Custom Patterns
This chapter shows how to extend lexer patterns with custom matching logic.
Custom Matchers
For complex tokenization logic, use custom matchers:
let lexer = LexerBuilder::new()
.custom_token(MySyntaxKind::String, |text, pos| {
// Custom string matching
if text[pos..].starts_with('"') {
let mut end = pos + 1;
while end < text.len() && text.as_bytes()[end] != b'"' {
if text.as_bytes()[end] == b'\\' {
end += 2; // Skip escape sequence
} else {
end += 1;
}
}
if end < text.len() {
let value = text[pos+1..end].to_string();
Some((end - pos + 1, TokenValue::String(value)))
} else {
None // Unterminated string
}
} else {
None
}
})
.build(MySyntaxKind::Eof, MySyntaxKind::Ident)

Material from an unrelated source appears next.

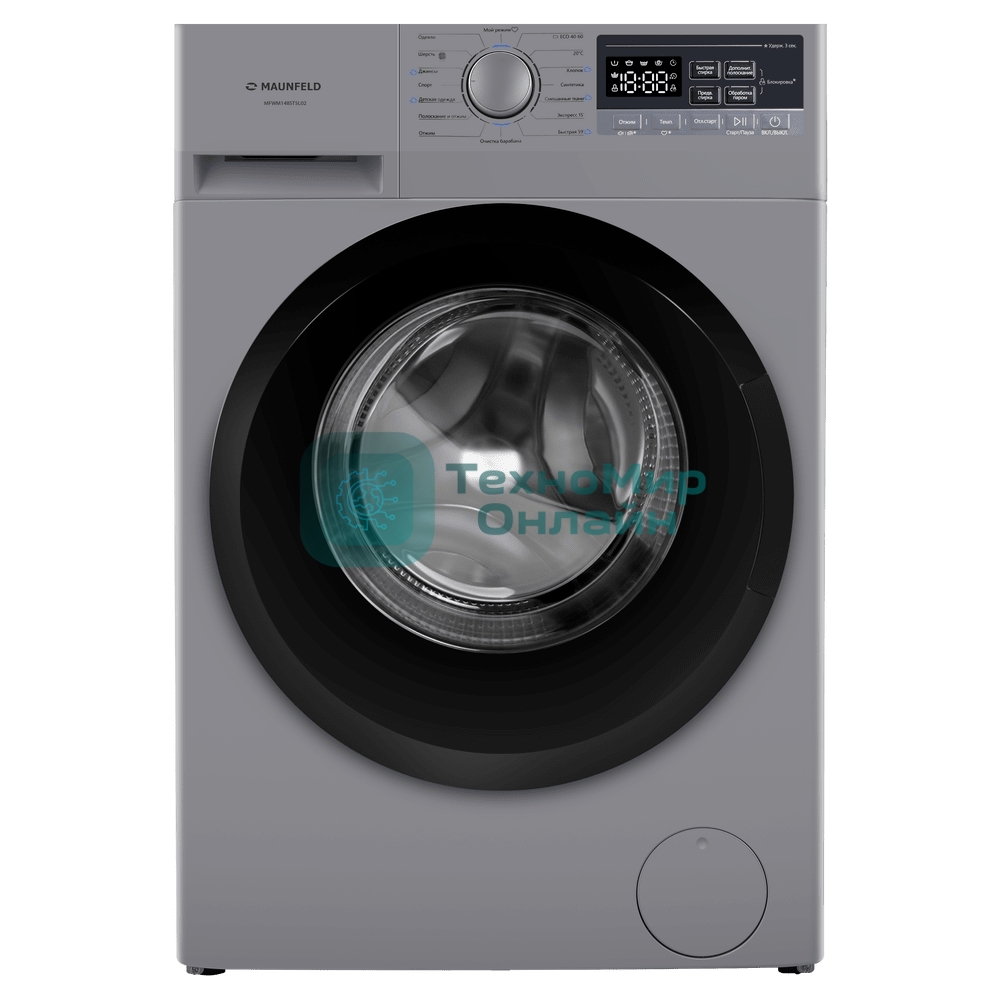 Стиральная машина Maunfeld MFWM148STSL02 серебристая, загрузка фронтальная 8кг, 1400 об/мин., класс: A+++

.expect("Failed to build lexer");
Custom Matcher Signature
Custom matchers have this signature:
Fn(&str, usize) -> Option<(usize, TokenValue)>
Where:
- Input:
&stris the text,usizeis the starting position - Output:
Option<(usize, TokenValue)>where:usizeis the number of characters matchedTokenValueis the token’s value (if any)
TokenValue
Token values can be:
pub enum TokenValue {
Integer(i64),
Float(f64),
String(String),
None,
}
Examples
String Literal
.custom_token(MySyntaxKind::String, |text, pos| {
if !text[pos..].starts_with('"') {
return None;
}
let mut end = pos + 1;
while end < text.len() {
match text.as_bytes()[end] {
b'"' => {
let value = text[pos+1..end].to_string();
return Some((end - pos + 1, TokenValue::String(value)));
}
b'\\' if end + 1 < text.len() => {
end += 2; // Skip escape sequence
}
_ => end += 1,
}
}
None // Unterminated string
})
Floating Point Number
.custom_token(MySyntaxKind::Float, |text, pos| {
let mut end = pos;
let mut has_dot = false;
// Optional sign
if end < text.len() && (text.as_bytes()[end] == b'+' || text.as_bytes()[end] == b'-') {
end += 1;
}
// Digits before dot
while end < text.len() && text.as_bytes()[end].is_ascii_digit() {
end += 1;
}
// Dot
if end < text.len() && text.as_bytes()[end] == b'.' {
has_dot = true;
end += 1;
}
// Digits after dot
while end < text.len() && text.as_bytes()[end].is_ascii_digit() {
end += 1;
}
if has_dot && end > pos {
let value = text[pos..end].parse::<f64>().ok()?;
Some((end - pos, TokenValue::Float(value)))
} else {
None
}
})
Multiline Comment
.custom_token(MySyntaxKind::Comment, |text, pos| {
if !text[pos..].starts_with("/*") {
return None;
}
let mut end = pos + 2;
while end + 1 < text.len() {
if text.as_bytes()[end] == b'*' && text.as_bytes()[end + 1] == b'/' {
let value = text[pos+2..end].to_string();
return Some((end - pos + 2, TokenValue::String(value)));
}
end += 1;
}
None // Unterminated comment
})
Best Practices
- Return early: Return
Nonequickly if pattern doesn’t match - Handle edge cases: Handle EOF, invalid sequences, etc.
- Escape sequences: Properly handle escape sequences
- Performance: Keep matching logic efficient
- Error handling: Return
Nonefor invalid input
Combining with Regular Patterns
Custom matchers work alongside regular patterns:
let lexer = LexerBuilder::new()
// Regular patterns
.token(MySyntaxKind::Number, Pattern::CharClass(CharSet::digits()))
.token(MySyntaxKind::Plus, Pattern::Literal("+".into()))
// Custom matcher
.custom_token(MySyntaxKind::String, |text, pos| {
// Custom logic
})
.build(MySyntaxKind::Eof, MySyntaxKind::Ident)
.expect("Failed to build lexer");
Priority
Custom matchers have the same priority as regular patterns based on definition order.